Et cet appel semble avoir été entendu. Une politique d’ouverture payante Le Zimbabwe fait partie des pays les plus pauvres du monde. L’économie du pays est à genoux. Selon la Fédération des syndicats du Zimbabwe, le taux de chômage serait de 90% dans le pays. Avec un taux de pauvreté de 72% (chiffre de la banque mondiale-2011), près des 3 quarts des Zimbabwéens vivent avec moins de 1,90 dollar par jour.
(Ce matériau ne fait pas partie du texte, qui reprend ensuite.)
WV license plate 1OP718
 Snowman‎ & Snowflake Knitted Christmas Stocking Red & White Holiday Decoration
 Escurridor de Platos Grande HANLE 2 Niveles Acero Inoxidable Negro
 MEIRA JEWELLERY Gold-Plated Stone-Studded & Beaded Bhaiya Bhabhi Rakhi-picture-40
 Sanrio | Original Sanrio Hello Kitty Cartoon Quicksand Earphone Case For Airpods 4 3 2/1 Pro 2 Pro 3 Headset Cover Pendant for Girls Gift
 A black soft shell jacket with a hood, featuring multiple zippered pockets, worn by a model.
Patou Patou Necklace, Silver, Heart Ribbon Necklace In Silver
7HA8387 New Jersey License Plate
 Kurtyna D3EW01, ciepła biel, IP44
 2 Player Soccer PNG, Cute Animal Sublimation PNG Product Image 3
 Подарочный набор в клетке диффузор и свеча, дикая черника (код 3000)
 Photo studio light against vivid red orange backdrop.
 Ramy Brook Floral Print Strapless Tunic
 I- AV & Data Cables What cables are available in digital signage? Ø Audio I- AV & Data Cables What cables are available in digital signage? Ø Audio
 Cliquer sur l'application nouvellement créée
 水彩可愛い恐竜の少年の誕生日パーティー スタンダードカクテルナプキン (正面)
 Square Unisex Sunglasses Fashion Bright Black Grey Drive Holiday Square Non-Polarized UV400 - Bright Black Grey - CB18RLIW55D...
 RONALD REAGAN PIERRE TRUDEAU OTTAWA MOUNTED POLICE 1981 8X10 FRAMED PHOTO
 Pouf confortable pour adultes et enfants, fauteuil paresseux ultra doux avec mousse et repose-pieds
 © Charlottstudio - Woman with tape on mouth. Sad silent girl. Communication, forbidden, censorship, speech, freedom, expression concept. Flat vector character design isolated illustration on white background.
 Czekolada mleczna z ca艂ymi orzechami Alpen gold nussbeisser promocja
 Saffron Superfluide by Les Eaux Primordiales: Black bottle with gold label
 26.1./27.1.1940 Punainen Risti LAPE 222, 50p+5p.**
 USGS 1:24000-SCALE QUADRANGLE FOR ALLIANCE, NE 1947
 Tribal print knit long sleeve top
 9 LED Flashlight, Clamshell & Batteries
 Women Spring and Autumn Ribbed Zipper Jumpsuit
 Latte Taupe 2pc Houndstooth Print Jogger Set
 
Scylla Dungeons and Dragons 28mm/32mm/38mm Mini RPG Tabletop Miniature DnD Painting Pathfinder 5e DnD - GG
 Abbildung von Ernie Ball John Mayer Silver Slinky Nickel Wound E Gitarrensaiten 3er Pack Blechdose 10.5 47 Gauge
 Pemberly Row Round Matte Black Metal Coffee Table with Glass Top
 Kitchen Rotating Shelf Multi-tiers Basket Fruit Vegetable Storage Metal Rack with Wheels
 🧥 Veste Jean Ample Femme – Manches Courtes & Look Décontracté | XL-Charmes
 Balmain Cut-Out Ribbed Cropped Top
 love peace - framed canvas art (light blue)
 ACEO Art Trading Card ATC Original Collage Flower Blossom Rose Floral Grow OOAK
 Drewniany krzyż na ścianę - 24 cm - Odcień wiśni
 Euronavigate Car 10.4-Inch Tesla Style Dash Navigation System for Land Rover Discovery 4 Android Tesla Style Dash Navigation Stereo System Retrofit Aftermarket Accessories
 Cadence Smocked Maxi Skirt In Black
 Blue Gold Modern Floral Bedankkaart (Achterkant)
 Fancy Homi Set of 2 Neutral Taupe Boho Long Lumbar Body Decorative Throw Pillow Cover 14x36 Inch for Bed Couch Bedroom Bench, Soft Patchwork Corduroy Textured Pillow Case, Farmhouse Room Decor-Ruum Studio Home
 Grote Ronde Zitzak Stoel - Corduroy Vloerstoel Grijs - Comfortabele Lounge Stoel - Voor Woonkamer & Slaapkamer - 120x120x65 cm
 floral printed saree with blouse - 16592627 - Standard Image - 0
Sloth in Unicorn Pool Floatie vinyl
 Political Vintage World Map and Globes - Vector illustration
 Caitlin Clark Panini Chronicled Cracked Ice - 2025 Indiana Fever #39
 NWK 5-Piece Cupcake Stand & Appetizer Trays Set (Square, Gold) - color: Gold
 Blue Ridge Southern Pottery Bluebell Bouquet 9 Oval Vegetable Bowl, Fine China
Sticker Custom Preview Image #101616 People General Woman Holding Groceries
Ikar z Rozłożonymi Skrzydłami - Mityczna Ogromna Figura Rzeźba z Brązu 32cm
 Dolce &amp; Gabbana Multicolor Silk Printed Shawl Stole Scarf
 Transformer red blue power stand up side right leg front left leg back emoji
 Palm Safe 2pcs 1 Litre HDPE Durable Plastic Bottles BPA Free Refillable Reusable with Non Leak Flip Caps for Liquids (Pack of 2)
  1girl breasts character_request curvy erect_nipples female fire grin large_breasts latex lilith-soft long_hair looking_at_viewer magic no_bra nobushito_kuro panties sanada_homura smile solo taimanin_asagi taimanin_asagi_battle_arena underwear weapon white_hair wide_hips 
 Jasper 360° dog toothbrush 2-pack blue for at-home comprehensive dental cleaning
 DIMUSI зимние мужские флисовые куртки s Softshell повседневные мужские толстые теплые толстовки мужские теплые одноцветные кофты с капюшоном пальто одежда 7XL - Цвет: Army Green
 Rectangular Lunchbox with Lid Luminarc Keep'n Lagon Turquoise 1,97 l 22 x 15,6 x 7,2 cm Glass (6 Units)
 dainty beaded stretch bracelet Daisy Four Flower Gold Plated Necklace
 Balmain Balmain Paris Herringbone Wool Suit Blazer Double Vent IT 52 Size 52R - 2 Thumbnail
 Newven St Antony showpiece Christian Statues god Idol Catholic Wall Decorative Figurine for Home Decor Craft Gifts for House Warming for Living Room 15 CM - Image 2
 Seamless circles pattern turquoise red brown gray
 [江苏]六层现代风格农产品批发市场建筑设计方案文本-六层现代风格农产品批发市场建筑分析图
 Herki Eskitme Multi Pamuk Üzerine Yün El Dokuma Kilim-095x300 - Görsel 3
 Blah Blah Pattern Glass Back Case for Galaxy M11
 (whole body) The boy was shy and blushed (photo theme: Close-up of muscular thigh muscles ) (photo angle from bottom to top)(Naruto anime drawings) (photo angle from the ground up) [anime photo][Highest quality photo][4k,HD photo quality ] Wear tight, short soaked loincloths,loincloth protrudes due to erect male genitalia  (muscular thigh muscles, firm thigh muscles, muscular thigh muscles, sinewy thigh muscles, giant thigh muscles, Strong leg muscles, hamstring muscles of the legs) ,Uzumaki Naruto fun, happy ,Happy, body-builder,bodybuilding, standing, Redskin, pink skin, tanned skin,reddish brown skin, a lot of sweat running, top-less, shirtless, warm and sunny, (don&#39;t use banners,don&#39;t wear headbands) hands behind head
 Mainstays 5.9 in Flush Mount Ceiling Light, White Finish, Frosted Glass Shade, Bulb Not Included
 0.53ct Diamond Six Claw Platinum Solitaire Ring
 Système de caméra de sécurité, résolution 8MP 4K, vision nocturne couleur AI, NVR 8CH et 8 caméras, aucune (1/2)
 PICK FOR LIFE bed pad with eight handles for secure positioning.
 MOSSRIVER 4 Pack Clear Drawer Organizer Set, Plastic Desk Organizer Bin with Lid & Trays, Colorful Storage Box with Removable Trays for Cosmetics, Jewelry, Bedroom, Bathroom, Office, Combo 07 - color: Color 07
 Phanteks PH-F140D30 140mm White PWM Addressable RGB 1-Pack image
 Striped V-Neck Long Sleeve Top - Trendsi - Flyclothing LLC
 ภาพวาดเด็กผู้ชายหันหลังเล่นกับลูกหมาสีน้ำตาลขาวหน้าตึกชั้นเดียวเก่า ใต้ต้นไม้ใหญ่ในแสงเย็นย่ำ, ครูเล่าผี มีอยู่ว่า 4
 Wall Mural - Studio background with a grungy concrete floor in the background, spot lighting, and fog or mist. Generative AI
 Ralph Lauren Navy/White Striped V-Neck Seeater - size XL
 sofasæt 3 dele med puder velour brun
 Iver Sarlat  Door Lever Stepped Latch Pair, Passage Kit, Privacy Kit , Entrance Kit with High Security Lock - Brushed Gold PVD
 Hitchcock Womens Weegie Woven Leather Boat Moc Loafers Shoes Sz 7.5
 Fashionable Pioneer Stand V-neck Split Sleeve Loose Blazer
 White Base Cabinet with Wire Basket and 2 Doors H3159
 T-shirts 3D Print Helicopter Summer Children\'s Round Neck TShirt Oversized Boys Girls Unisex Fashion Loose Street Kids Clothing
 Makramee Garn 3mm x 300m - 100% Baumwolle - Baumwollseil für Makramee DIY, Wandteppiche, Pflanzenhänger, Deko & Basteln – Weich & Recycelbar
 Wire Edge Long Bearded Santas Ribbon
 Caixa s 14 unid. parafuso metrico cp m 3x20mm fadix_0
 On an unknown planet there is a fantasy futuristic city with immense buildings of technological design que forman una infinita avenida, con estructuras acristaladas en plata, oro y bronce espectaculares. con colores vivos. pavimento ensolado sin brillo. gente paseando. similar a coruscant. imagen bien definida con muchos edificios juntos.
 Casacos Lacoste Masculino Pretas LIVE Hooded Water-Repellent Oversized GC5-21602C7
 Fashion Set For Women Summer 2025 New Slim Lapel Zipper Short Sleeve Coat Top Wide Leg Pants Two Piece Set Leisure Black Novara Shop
Et selon un rapport de l’Organisation des Nations unies pour l’alimentation et l’agriculture (FAO), publié en 2017, 4,1 millions de personnes sont en insécurité alimentaire au Zimbabwe. C’est donc, d’un chantier colossal, où presque tout est à refaire, qu’hérite le nouveau pouvoir d’Harare, qui a fait du redressement de l’économie une priorité parmi les priorités. Et la nouvelle orientation adoptée par Emmerson Mnangagwa porte ses fruits. Le Fonds monétaire international (FMI) s’est dit prêt à aider le Zimbabwe à sortir de la grave crise économique qu’elle traverse, soulignant, par ailleurs, l’impérieux besoin d’une aide internationale conséquente.

«Nous nous tenons prêts à soutenir les autorités dans leurs efforts pour s’attaquer au déficit budgétaire, mettre en place les réformes structurelles (…) Confronté à des défis dans un grand nombre de domaines, (le Zimbabwe) aura besoin d’un substantiel effort international», a précisé Gerry Rice, porte-parole du FMI, le jeudi 30 novembre dernier. La politique d’ouverture du Président zimbabwéen pourrait,  rapidement, remettre le pays sur de nouveaux rails. Mais cette ouverture semble, exclusivement, orientée vers l’extérieur. Au Zimbabwe, Emmerson Mnangagwa fait du neuf avec du vieux.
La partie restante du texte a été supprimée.